Input data ::
━━━

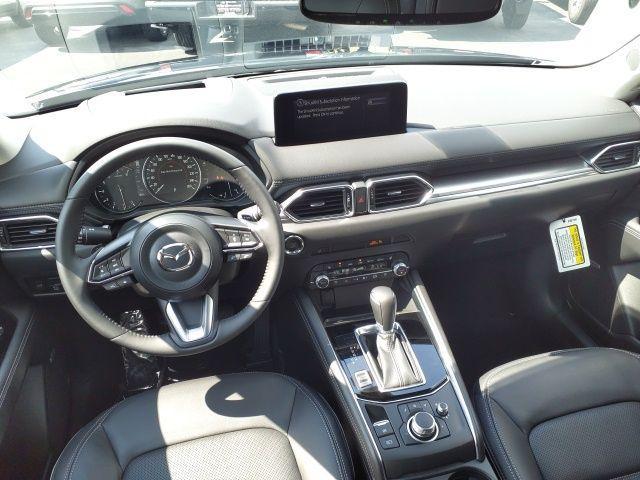 Photo of 2025 Deep Crystal Blue Mica Mazda CX-5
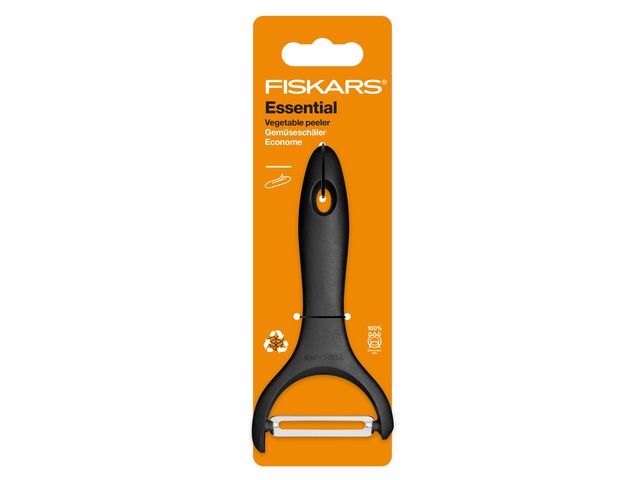 Fiskars Essential Y-formad grönsaksskalare, st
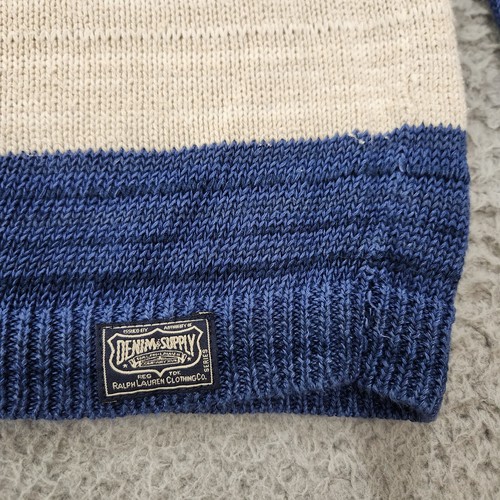 Ralph Lauren Denim & Supply Sweater Men XXL 2XL Navajo Aztec Cowl Neck Pullover - Picture 7 of 11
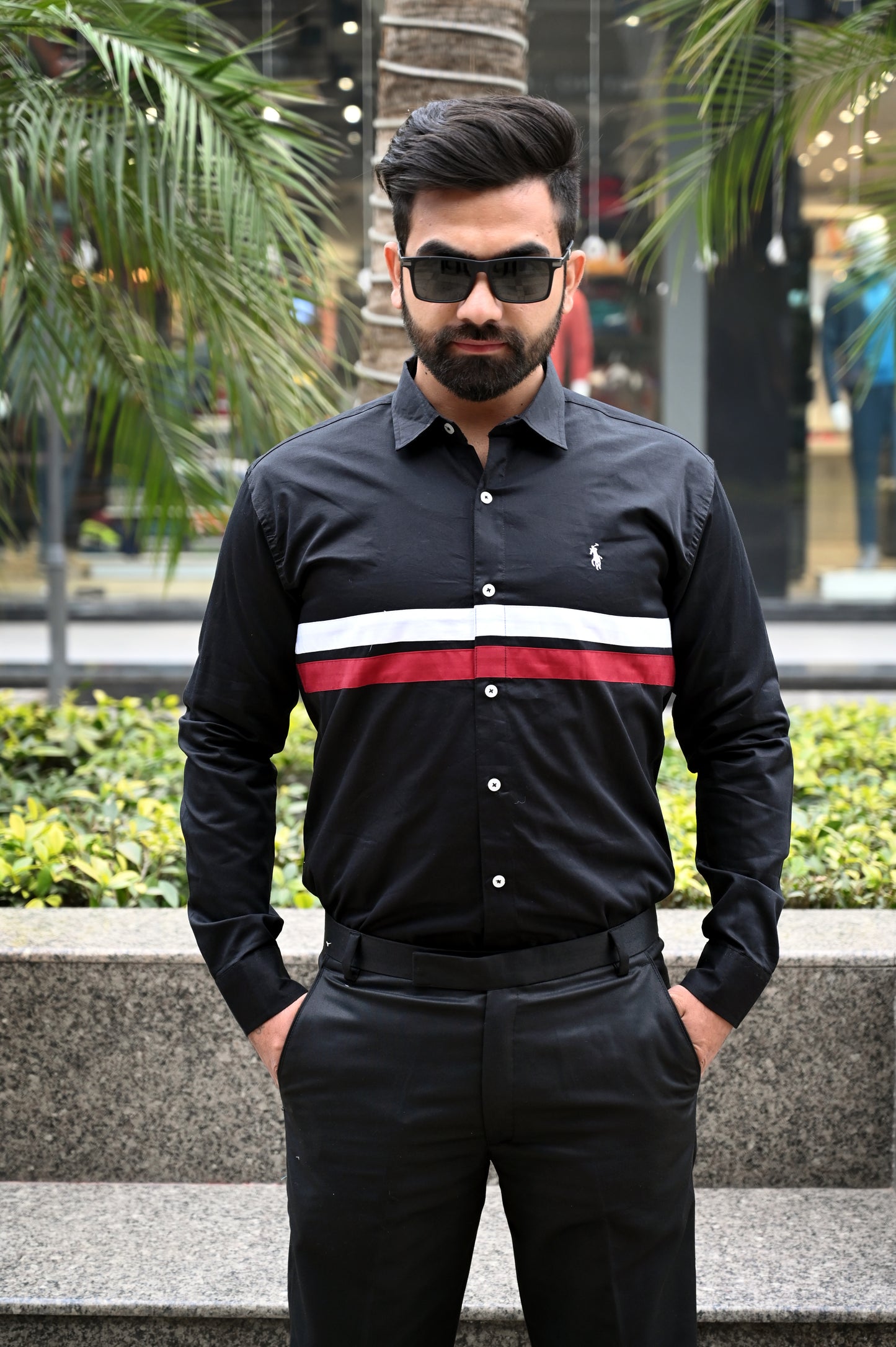 Black Premium Designer Shirt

━━━

Work request ::
Pictures are to be omitted. Output verbatim only the lines from the one holding "Ralph Lauren Denim" through the end of the material, both included.

Final answer ::
 Ralph Lauren Denim & Supply Sweater Men XXL 2XL Navajo Aztec Cowl Neck Pullover - Picture 7 of 11
 Black Premium Designer Shirt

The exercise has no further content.